A second undeclared Republican, Susan Collins, also expressed satisfaction with the probe, calling it “a very thorough investigation”.
She paid two visits to the off-limits room where the document was being displayed to politicians. She told reporters she would not announce her position until Friday.
Alaska Senator Lisa Murkowski said she was “still reviewing” her decision.
While Republican leaders were not saying they had nailed down the support needed, backing from two of those three would ensure Mr Kavanaugh’s confirmation because every other Republican was poised to back him.
Republicans have a narrow 51-49 Senate majority, and vice president Mike Pence will be available to cast a tie-breaking vote.
Underscoring the hardening partisan lines, one of the two undecided Democratic senators said she would oppose Mr Kavanaugh.
North Dakota Senator Heidi Heitkamp, who faces a difficult re-election race next month, cited concerns about his “past conduct” and said she felt his heated attacks on Democrats during last week’s Judiciary Committee hearing raised questions about his “current temperament, honesty and impartiality”.
West Virginia’s Joe Manchin, the other undeclared Democrat, spent time looking at the report and said he would resume reading it on Friday.
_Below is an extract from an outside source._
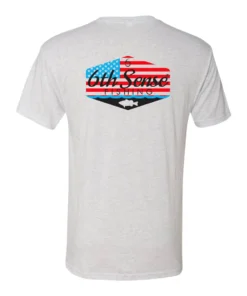 6th Sense Fishing WaterFlag Tee - Heather White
Senator Dianne Feinstein, the Judiciary Committee’s top Democrat, said while her party had agreed to a week-long FBI probe with a finite scope, “We did not agree that the White House should tie the FBI’s hands.”
White House spokesman Raj Shah rebuffed Democrats’ complaints. He said the FBI reached out to 10 people and interviewed nine, including “several individuals at the request of the Senate, and had a series of follow-up interviews … following certain leads.”
Senators said the documents they examined totalled about 50 pages. Some said there were notes on interviews with nine people, though others said 10.
Committee chairman Chuck Grassley issued a statement around midnight that listed the 10 people interviewed by the FBI, although not all of them were named.
Six of the witnesses involved Ms Ford’s claims, including a lawyer for one of them, and four were related to Deborah Ramirez, who has claimed that Mr Kavanaugh exposed himself to her when both were Yale freshmen, which Mr Kavanaugh denies.
Mr Grassley said the FBI concluded “there is no collaboration of the allegations made by Dr Ford or Ms Ramirez.”
Mr Trump, who on Tuesday scornfully mocked Ms Ford’s Judiciary panel testimony, tweeted that Mr Kavanaugh’s “great life cannot be ruined by mean” and “despicable Democrats and totally uncorroborated allegations!”